Neither is it respectful, and I'm going to name the reprobates, to say that
someone's game is bad when they post it here then mock them.
Neil Brennan, Taylor Kingston and Greg Kennedy 'bot' all did this to a
posted game, meanwhile neglecting to notice a 2-mover which actually &
entirely changed the course fo the game. Obviously they lack any substance
in their perceptions of chess to /mock/ other people's chess. Its okay not
to see or understand what is happening in any game, but that is not their
intention!
Sam Sloan might get off it too - since he likes to declare that people don't
play chess, while declining to notice that they actually challenge him to
join in like a regular human being and play like anyone else here. We are
not *special* people. If he can't do that, take a hike!

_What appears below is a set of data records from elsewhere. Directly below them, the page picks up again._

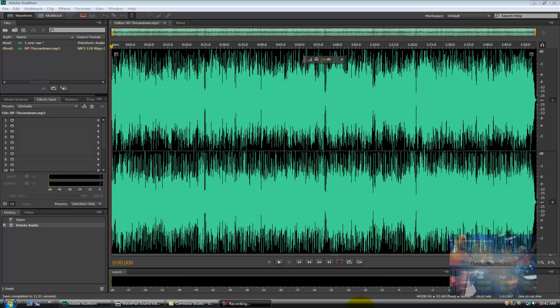What's up Razmanites, you got the Razman here and today I'm going to be showing you a brand new feature inside Adobe Audition that eliminates a problem that any radio show or podcast host will tell you is a common one.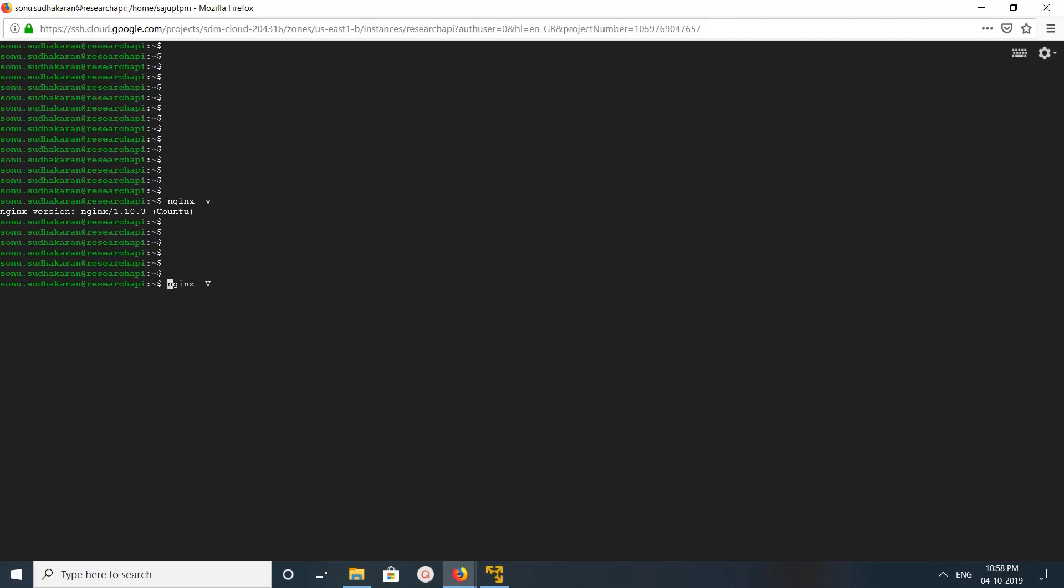This is how we can print the version of the nginx server. I hope you enjoyed this video. Please subscribe to my channel.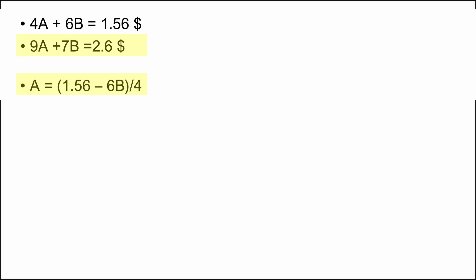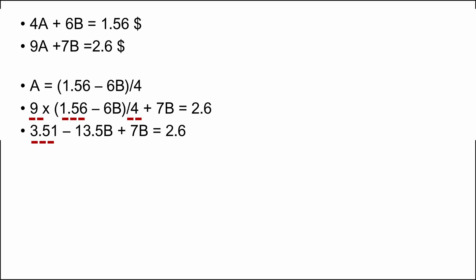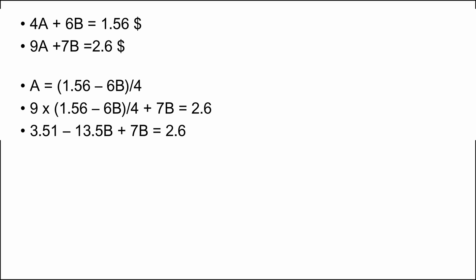The result is a formula with only the B variable. So 9 multiplied by 1.56 minus 6B divided by 4 plus 7B equal 2.6 US dollars. The result is 3.51 minus 13.5B plus 7B equal 2.6.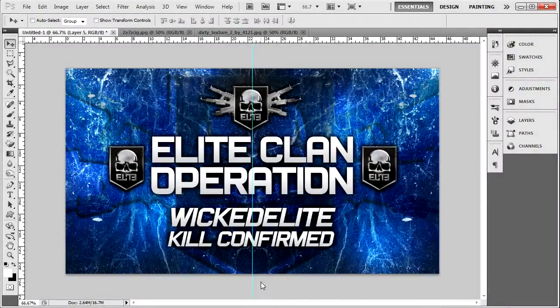Hey, what's going on YouTube? TenPinDesigns here and today I'm bringing you a tutorial that'll really help you out in making some images brighter and giving a little spotlight sort of effect that you really won't need any extra brushes or anything like that to download. It's all in the presets.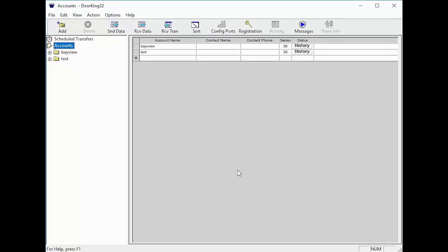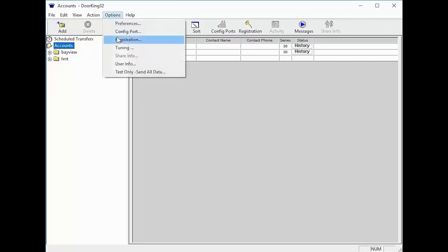Now that we have checked the time on our computer and have determined it to be correct, all that's left now is to send the data to the system. We recommend doing a test only send all data. This is located under the options at the top of the screen. The software will also sync the time when you receive data or receive transactions.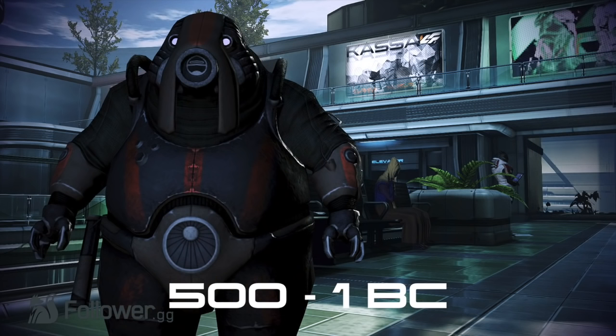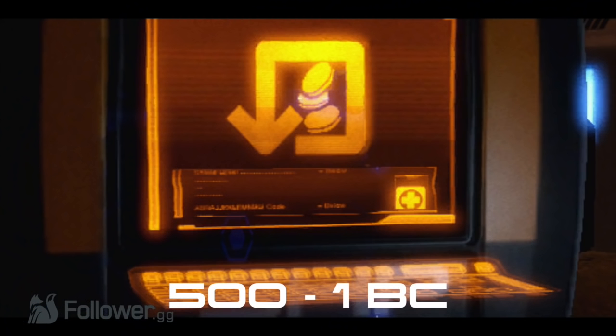After that, the first contact is made with the Volus. Eventually, the Citadel Council commissions the Volus to create the Unified Banking Act, which establishes a galactic currency which we all know as the Credit, and this links all galactic economies.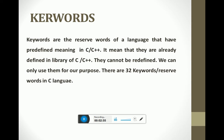Our next topic is reserved words, also known as keywords. Keywords are the reserved words of the language that have predefined meaning in C or C++. They are already defined in the library and cannot be redefined — we can only use them for our purpose. There are 32 keywords or reserved words in C language. If we were to redefine one, its purpose would change, so there is no need to redefine them.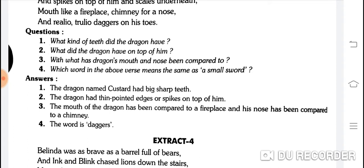Which word in the above verse means the same as 'small sword'? The word is 'daggers' — khanjir. Khanjir hota hai na — chaaku se bada, talwar se chhota, usko bolte hain 'small sword.'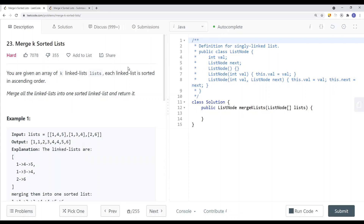In this video, we're going to take a look at a leetcode problem called merge k-sorted lists. You're basically given an array of k linked lists, where each linked list is sorted in ascending order. Merge all the linked lists into one sorted linked list and return it.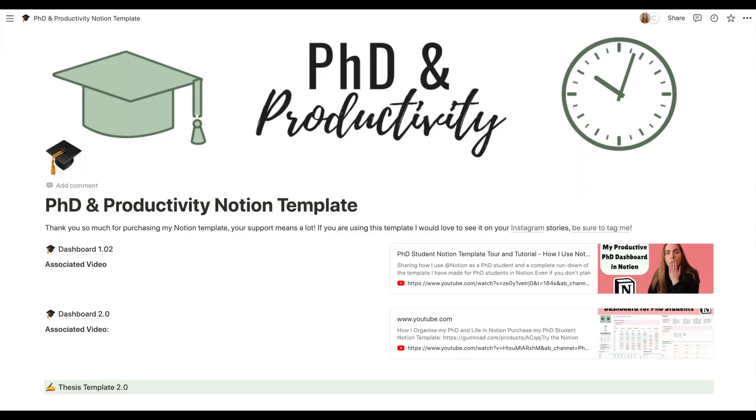Just to say very briefly: if you previously purchased the PhD and productivity Notion template, which includes everything to do with the PhD and all the productivity content, you will get this for free without having to purchase anything. This is a note for any future purchasers to hang on to your receipt for the template, and you will be able to use that link to get to the Notion template again. You'll see that what's been added is the thesis template 2.0 and you'll be able to download that into your Notion.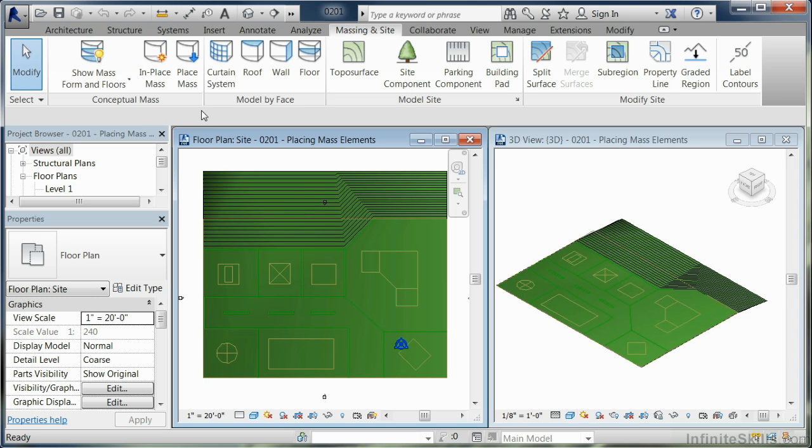We have to look at what kind of mass types we have. There's actually three: mass families from the Imperial Library, which are primitives that you can bring in.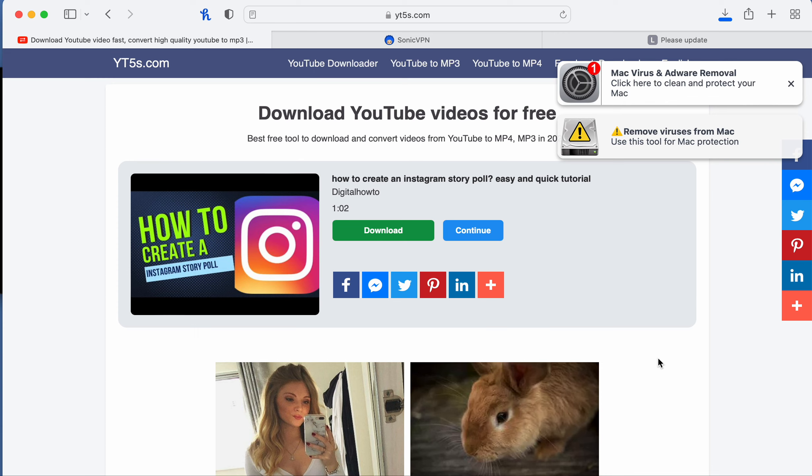Thank you for subscribing and watching my video. We'll see you in the next Digital How-To Tips. Bye friends!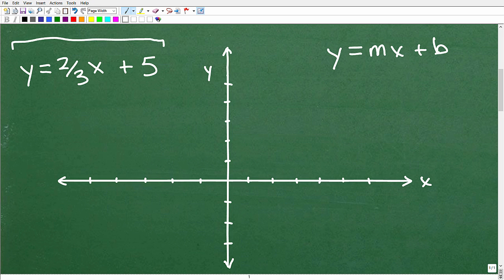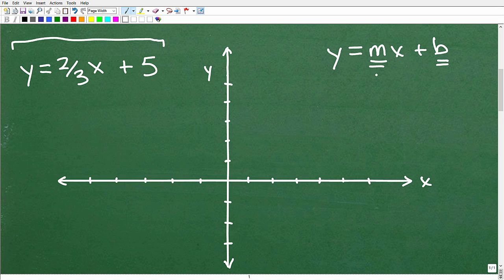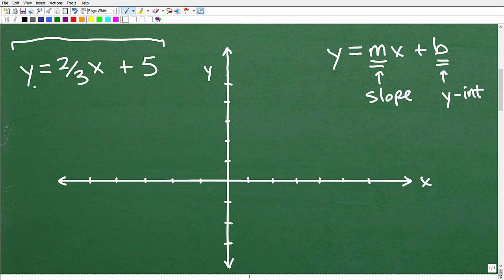We call this the slope-intercept formula. In this equation, y equals two-thirds x plus 5, we have y equals, then some number times x — that number is our m value — and then plus some other number, which is b. m is the slope and b is the y-intercept. So this is the slope of the line and this is the y-intercept of the line. When we have lines in this form, y equals mx plus b, or in this case y equals two-thirds x plus 5, we use the concepts of slope-intercept form. This is very fundamental and absolutely essential to algebra.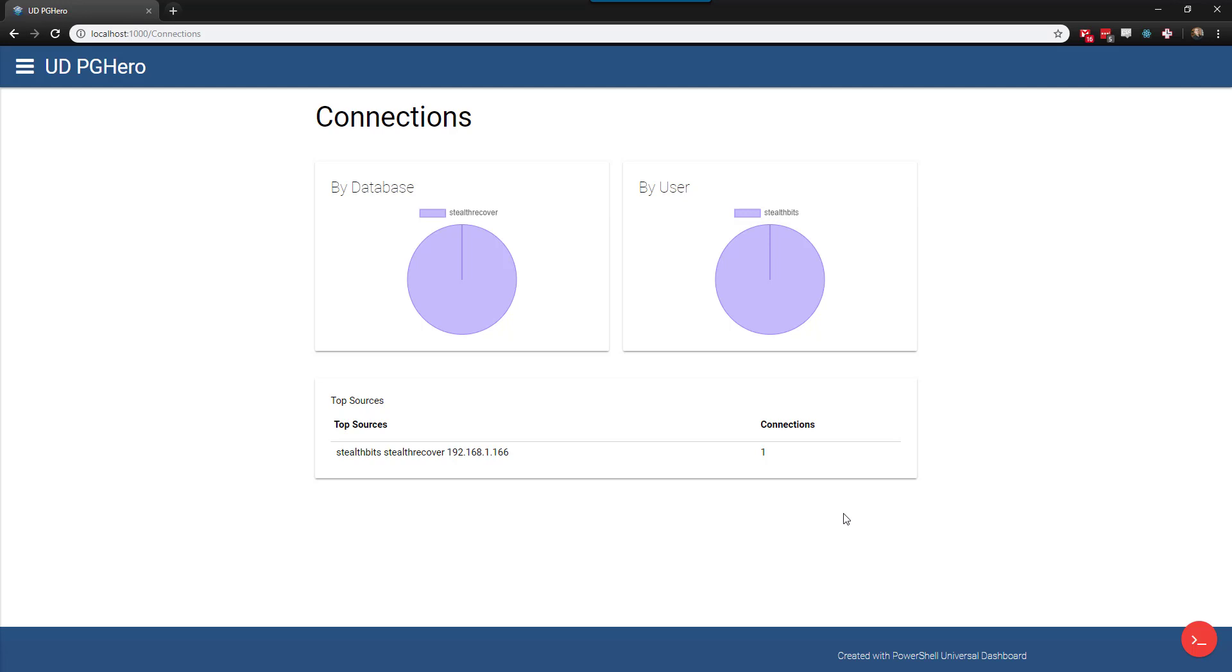So in this video, I went over a couple different techniques you can use to try to debug your Universal Dashboard scripts. I hope you find this helpful.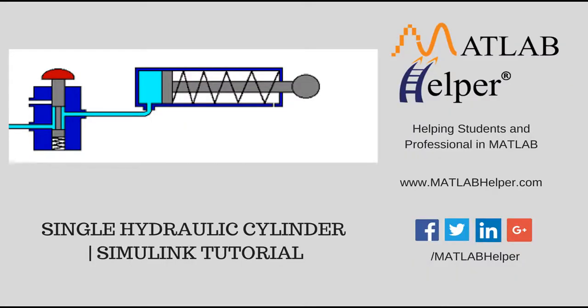Hello friends, in this tutorial we are going to see the Simulink model of a single hydraulic cylinder.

Greg Kennedy has, at least to his credit, now joined in the same waters as
the rest of us in terms of actually playing chess in the same place. I hope
this will moderate his opinions in /chessic terms/ since otherwise, what
sort of *special* status do such people have to voice any opinion?
--
I make no direct link between the Sloan-imitators and the re-appearance of
the recent spate of hateful deniers of other people's lives. I simply say
that this is as nihilistic as the former manifestation.
--
When very strong players have shown up here, the same sets of abusers have
driven them off, with constant nonsense, name-callings, and so on, as if
they themselves actually had either experience of playing GM chess, or could
even understand the games. Their knowledge by virtue of their experience is
rejected as 'elitism' or something - which is simply to admit that what is
best is not worth note.
If we want some chess here, then lets discuss /chess/ here, and not actively
whine that other people are talking chess.
And if its chess management [aka politics], let us proceed along the same
lines - no poster has any business rubbishing another instead of the other
person's ideas. And nobody at all is right every day of the week. Usually,
the big benefit of a group process is that collectively people can take an
interesting idea and improve it.
[which is to say - there is something wrong with it that can actively be
addressed - and it is /not/ to say that by having some idea the person
representing it should be trashed - that is an admission of what the trasher
can contribute.]
--
The usual villains will take over every thread and issue their usually vague
abuse in them [which is entirely ad hominem], but cannot actually address
any topic to better inform it, or inform themselves by exploring it.